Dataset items
* * * * * * *

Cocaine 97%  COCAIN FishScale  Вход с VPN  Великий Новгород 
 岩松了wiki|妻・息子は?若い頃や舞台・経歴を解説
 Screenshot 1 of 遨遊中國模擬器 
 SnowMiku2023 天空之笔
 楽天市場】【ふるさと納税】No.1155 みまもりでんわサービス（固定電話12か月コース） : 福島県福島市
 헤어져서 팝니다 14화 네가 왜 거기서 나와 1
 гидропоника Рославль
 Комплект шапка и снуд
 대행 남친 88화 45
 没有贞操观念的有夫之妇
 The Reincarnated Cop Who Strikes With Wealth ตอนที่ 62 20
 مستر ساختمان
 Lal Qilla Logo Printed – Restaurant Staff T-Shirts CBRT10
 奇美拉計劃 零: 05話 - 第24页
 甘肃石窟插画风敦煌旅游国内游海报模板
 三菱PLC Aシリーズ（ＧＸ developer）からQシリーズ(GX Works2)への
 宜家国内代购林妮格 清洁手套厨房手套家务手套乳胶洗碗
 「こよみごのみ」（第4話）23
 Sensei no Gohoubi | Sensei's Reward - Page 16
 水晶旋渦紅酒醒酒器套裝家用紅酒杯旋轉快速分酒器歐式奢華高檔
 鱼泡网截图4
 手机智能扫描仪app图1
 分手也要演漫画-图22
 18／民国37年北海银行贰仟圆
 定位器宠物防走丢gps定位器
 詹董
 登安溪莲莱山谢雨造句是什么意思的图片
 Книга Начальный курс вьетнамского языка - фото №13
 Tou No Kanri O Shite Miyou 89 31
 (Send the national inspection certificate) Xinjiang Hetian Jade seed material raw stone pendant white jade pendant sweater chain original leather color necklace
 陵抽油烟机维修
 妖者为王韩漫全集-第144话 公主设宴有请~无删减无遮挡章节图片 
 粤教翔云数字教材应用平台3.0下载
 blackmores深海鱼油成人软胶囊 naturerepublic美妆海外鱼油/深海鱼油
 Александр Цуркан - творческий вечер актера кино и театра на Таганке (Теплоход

* * * * * * *

Your instructions =>
Repeat each entry exactly as it was given.

Answer =>
Cocaine 97%  COCAIN FishScale  Вход с VPN  Великий Новгород 
 岩松了wiki|妻・息子は?若い頃や舞台・経歴を解説
 Screenshot 1 of 遨遊中國模擬器 
 SnowMiku2023 天空之笔
 楽天市場】【ふるさと納税】No.1155 みまもりでんわサービス（固定電話12か月コース） : 福島県福島市
 헤어져서 팝니다 14화 네가 왜 거기서 나와 1
 гидропоника Рославль
 Комплект шапка и снуд
 대행 남친 88화 45
 没有贞操观念的有夫之妇
 The Reincarnated Cop Who Strikes With Wealth ตอนที่ 62 20
 مستر ساختمان
 Lal Qilla Logo Printed – Restaurant Staff T-Shirts CBRT10
 奇美拉計劃 零: 05話 - 第24页
 甘肃石窟插画风敦煌旅游国内游海报模板
 三菱PLC Aシリーズ（ＧＸ developer）からQシリーズ(GX Works2)への
 宜家国内代购林妮格 清洁手套厨房手套家务手套乳胶洗碗
 「こよみごのみ」（第4話）23
 Sensei no Gohoubi | Sensei's Reward - Page 16
 水晶旋渦紅酒醒酒器套裝家用紅酒杯旋轉快速分酒器歐式奢華高檔
 鱼泡网截图4
 手机智能扫描仪app图1
 分手也要演漫画-图22
 18／民国37年北海银行贰仟圆
 定位器宠物防走丢gps定位器
 詹董
 登安溪莲莱山谢雨造句是什么意思的图片
 Книга Начальный курс вьетнамского языка - фото №13
 Tou No Kanri O Shite Miyou 89 31
 (Send the national inspection certificate) Xinjiang Hetian Jade seed material raw stone pendant white jade pendant sweater chain original leather color necklace
 陵抽油烟机维修
 妖者为王韩漫全集-第144话 公主设宴有请~无删减无遮挡章节图片 
 粤教翔云数字教材应用平台3.0下载
 blackmores深海鱼油成人软胶囊 naturerepublic美妆海外鱼油/深海鱼油
 Александр Цуркан - творческий вечер актера кино и театра на Таганке (Теплоход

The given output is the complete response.